The one theme Gooch seems to circle back to over the course of the biography is his belief that O’Connor’s fiction was fueled by a fear of death. While it is true that many of her characters meet violent and untimely ends, death is hardly the point. O’Connor was less fearful of death than she was of pride. Her stories obsess about individuals—from progressive intellectuals to angry widows—who seek to control their fates, rebelling against not only death but creaturehood itself.

A much richer vein for Gooch to mine would have been O’Connor’s awareness of her own fiercely self-protective nature. Unlovely and ill, a brilliant intellectual trapped in a provincial backwater, O’Connor had plenty of reasons for creating an aggressive persona, sharp-tongued yet evasive. More important, as even some admirers admit, O’Connor’s narrative voice occasionally descends into a certain harshness of judgment that undercuts the complexity of her characters. Gooch probes the outskirts of her persona and presence as narrator, noting that O’Connor was capable of satirizing herself in characters like Julian from “Everything That Rises Must Converge” and Joy/Hulga in “Good Country People,” but he never penetrates to the core of the problem.

In contrast to, say, Janet Maslin’s outright ideological animosity, Gooch comes across as a passive-aggressive Rayber. He rarely pauses for sustained evaluation but insinuates his criticisms in passing. You have to look carefully to catch phrases like “extreme theology” and “Jansenist aspect,” “a simple view of communism as evil” and “sexuality sublimated in religious expression.”

Gooch quotes the Southern writer Andrew Lytle, who said that at the Iowa Writers’ Workshop O’Connor “scared the boys to death with her irony.” Reading Flannery, it is hard not to wonder why Gooch isn’t more scared.

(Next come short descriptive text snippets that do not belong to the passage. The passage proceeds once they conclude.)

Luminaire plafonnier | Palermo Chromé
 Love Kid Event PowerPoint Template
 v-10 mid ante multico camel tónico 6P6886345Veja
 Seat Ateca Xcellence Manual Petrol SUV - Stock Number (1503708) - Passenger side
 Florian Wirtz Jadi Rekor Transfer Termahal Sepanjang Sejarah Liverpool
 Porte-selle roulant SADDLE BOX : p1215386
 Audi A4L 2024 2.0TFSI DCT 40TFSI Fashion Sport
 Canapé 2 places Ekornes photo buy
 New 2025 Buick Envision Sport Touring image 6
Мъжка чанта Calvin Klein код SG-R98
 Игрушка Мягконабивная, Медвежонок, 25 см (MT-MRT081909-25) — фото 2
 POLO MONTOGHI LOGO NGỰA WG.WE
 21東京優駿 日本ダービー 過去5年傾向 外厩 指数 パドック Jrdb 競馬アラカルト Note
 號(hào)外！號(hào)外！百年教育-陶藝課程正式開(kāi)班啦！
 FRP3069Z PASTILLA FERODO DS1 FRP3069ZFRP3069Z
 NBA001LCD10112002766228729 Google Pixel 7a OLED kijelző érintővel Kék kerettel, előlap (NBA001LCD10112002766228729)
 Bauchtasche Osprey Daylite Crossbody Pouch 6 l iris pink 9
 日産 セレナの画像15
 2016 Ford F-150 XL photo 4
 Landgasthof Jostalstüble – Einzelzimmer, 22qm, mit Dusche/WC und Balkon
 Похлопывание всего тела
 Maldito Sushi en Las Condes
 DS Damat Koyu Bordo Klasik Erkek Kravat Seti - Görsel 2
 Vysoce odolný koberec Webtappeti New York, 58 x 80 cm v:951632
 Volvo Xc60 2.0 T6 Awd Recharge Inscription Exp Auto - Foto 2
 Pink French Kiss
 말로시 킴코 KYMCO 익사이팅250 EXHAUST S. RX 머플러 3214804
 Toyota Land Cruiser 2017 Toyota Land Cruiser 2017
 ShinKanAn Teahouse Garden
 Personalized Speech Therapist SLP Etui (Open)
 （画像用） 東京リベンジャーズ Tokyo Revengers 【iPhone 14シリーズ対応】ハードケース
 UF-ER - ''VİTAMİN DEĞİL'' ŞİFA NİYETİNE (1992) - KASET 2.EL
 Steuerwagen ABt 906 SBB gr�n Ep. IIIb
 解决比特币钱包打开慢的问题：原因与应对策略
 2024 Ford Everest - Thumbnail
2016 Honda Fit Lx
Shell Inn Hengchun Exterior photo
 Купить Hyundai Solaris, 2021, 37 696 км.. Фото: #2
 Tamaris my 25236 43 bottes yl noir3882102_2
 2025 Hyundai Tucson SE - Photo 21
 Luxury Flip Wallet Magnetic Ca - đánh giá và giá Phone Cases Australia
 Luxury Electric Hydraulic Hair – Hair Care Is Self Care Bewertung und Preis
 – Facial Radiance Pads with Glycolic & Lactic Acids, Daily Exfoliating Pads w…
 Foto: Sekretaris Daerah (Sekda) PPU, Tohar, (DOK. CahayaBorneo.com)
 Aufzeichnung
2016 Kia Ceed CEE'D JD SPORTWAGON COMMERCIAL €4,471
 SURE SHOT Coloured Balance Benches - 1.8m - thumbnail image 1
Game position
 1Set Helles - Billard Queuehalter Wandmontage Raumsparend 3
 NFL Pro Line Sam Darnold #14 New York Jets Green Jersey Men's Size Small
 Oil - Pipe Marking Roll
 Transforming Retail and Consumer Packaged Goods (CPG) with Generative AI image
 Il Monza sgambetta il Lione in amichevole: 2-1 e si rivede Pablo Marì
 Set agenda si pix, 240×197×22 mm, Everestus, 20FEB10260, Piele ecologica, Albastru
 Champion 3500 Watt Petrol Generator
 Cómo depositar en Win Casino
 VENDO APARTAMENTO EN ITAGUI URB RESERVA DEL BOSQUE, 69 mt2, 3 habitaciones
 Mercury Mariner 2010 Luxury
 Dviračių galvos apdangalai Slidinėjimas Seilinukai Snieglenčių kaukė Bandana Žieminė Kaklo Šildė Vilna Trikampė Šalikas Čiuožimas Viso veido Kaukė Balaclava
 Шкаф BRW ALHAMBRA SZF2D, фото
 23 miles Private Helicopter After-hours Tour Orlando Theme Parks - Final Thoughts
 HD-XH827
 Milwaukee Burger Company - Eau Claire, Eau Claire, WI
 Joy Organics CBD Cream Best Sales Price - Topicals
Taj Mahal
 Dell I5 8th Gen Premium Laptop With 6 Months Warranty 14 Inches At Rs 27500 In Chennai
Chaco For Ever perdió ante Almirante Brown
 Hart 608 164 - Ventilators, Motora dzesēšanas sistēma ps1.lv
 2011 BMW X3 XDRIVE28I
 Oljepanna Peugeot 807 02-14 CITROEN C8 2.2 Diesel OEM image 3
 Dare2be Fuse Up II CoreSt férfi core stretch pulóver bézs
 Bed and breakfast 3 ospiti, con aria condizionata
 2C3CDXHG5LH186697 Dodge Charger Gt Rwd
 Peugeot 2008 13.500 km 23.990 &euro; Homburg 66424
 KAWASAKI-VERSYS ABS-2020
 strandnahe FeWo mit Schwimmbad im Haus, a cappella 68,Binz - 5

For decades would-be biographers deferred to O’Connor’s friend and confidant Sally Fitzgerald, who died in 2000 with her own O’Connor book unfinished. So here we are, nearly half a century after O’Connor’s death, awaiting the major biography she deserves. In the meantime, there is the strand on O’Connor in Paul Elie’s excellent braided narrative, The Life You Save May Be Your Own (which also covers Dorothy Day, Thomas Merton, and Walker Percy). And there are always O’Connor’s letters, collected in The Habit of Being. They don’t tell the whole story, but they tell most of it, with an honesty and compassion that take us beyond the persona to a writer who believed she had answered a call that came from outside herself.